Le pentecostaire: les cinquante jours de Pâques

 

Avant de considérer la portée spirituelle du temps liturgique de Pâque, il est peut-être nécessaire de préciser le vocabulaire de l'Eglise des premiers jours, il  reste celui des Eglises d'Orient.

 

La Pâque, c'est d'abord la Pâque juive, la commémoration de la sortie d'Egypte, la traversée de la mer rouge, le "passage" de l'esclavage à la liberté.

                                         

Puis, les pères ont employé le mot Pâque pour le passage du Messie de la mort par la croix à la vie de la résurrection; le grand Origène le premier l'a utilisé dans ce sens. Le mot Pâque rejoint ce que l'occident appelle Passion, ainsi les livres liturgiques anciens appellent semaine de la Pâque, la Semaine Sainte occidentale: essentiellement ce que les latins nomment Triduum, le Jeudi de l'Alliance, le Bon Vendredi, le Samedi de la Joie qui se termine par la grande vigile de la fête de la Résurrection. Notre liturgie copte fait commencer la semaine pascale au soir du dimanche des rameaux appelé l'Entrée du Sauveur à Jérusalem.

 

Le copte comme le grec ne connaissent pas le mot Pâques au pluriel comme en français.  Nous pouvons employer le pluriel Pâques pour qualifier les jours de la résurrection qui sont pour nous un seul grand jour de la fête des fêtes.

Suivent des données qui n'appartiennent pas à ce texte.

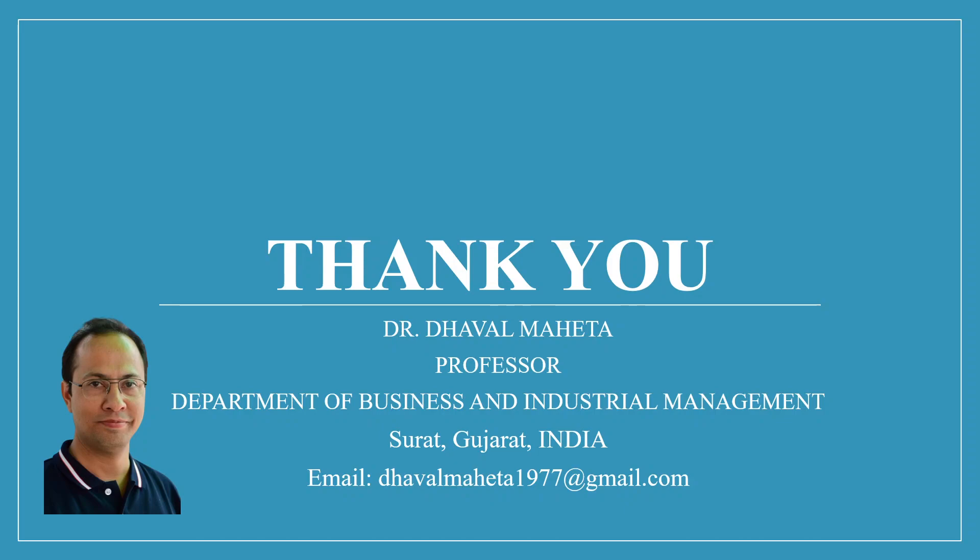You can also refer to my playlist in which I uploaded videos on data science, machine learning, and artificial intelligence. Please don't forget to like, share, and subscribe to my videos. You can also join me on different social medias, link given in the description box.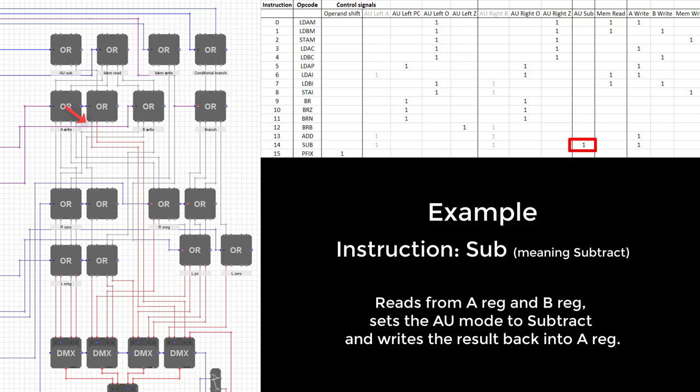And that's it, we've now got a complete working processor. Let's write some simple programs, load them into the memory, and see what happens.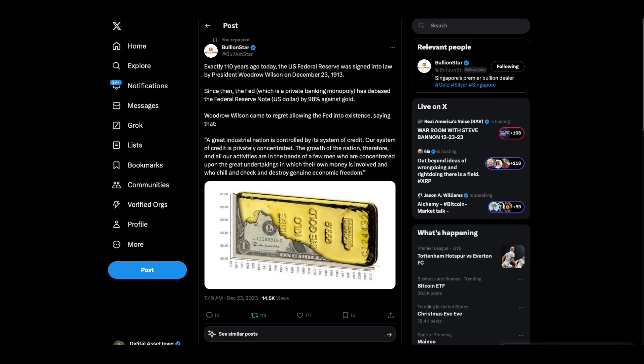Exactly 110 years ago today, the U.S. Federal Reserve was signed into law by President Woodrow Wilson on December 23, 1913. Since then, the Fed, which is a private banking monopoly, has debased the Federal Reserve note, U.S. dollar, by 98% against gold. Woodrow Wilson came to regret allowing the Fed into existence, saying that a great industrial nation is controlled by its system of credit. Our system of credit is privately concentrated. The growth of the nation, therefore, in all of our activities are in the hands of a few men who chill and check and destroy genuine economic freedom.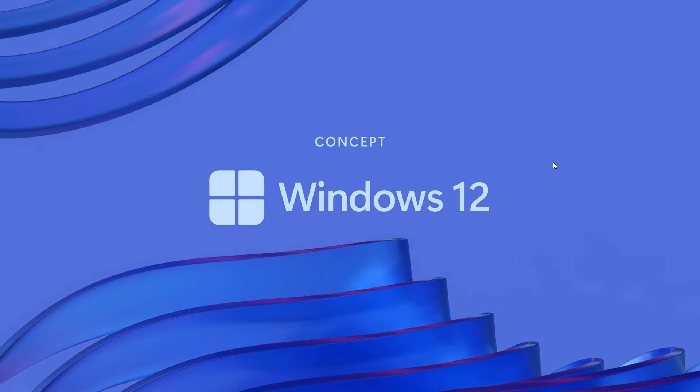This hasn't stopped concept creators creating and coming up with ideas as to what a possible Windows 12 operating system could look like if and when Microsoft ever did roll out a Windows 12.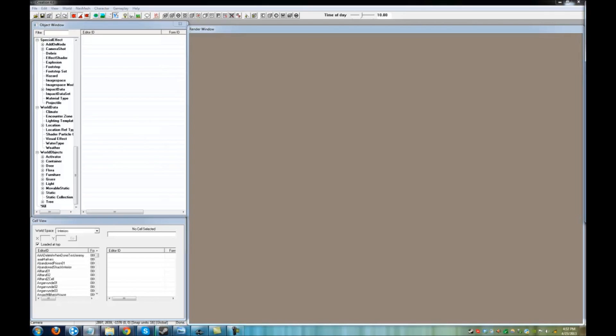I'm going to create a new interior cell by going into the Cell View window. There are two ways to do this.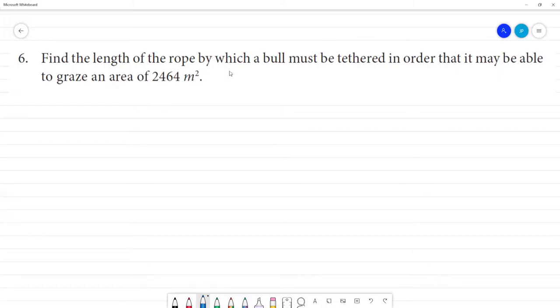Find the length of the rope by which a bull must be tethered in order that it may be able to graze an area of 2,464 square meters.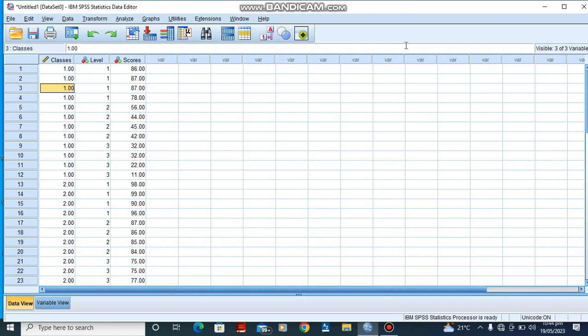Hello, this is Emmanuel. Someone asked me to do a nested ANOVA, so today we're going to talk about nested ANOVA. Simply, a nested ANOVA is a type of ANOVA in which one factor is a subset or is embedded in another factor. The example we are going to be using today is as follows.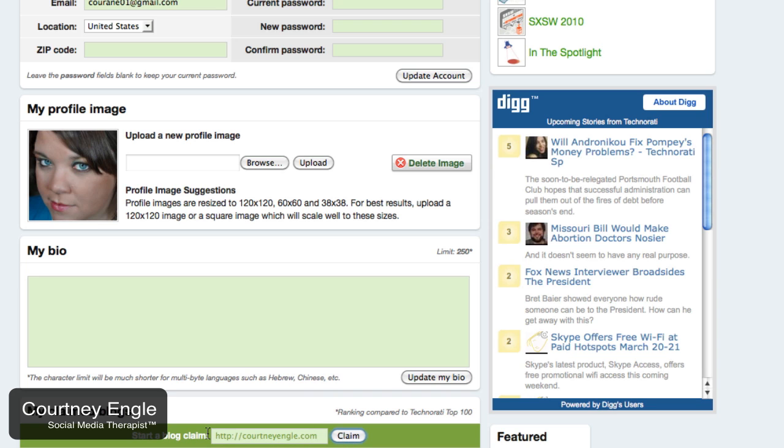Hit claim and it's going to give you some code that you will then go and put into your website so that you can get it connected to what Technorati has and what's available. You'll start the claim process and that's just saying to Technorati you need to see where my blog is.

Le temps qui s'écoule du premier au huitième dimanche de la Pâque a reçu le nom de Pentecostaire,  le huitième dimanche qui  clôture les cinquante jours de fête porte le nom de Pentecôte qui signifie en grec cinquantième (jour).

 

Comme la Pâque chrétienne est l'accomplissement de "Pessah" la Pâque juive, le dimanche de la Pentecôte mentionné dans les Actes des Apôtres 2,1 comme le jour de la descente du Saint Esprit, correspond à la fête juive de Chavouot, qui regroupe la fête des semaines selon Exode 34,22 et Deutéronome 16,9.12,  celle des prémices selon Nombres 28  et aussi la fête de la moisson selon Exode 23,16.

Si Dieu le veut,  nous étudierons ailleurs la fête juive de Chavouot/Pentecôte. Il suffit aujourd'hui  pour indiquer l'essentiel de savoir que Chavouot est d'abord une fête agraire, puis celle du renouvellement du serment de l'Alliance et enfin que le judaïsme tardif lui a consacré la mémoire de la remise de la Torah à Moïse au mont Sinaï.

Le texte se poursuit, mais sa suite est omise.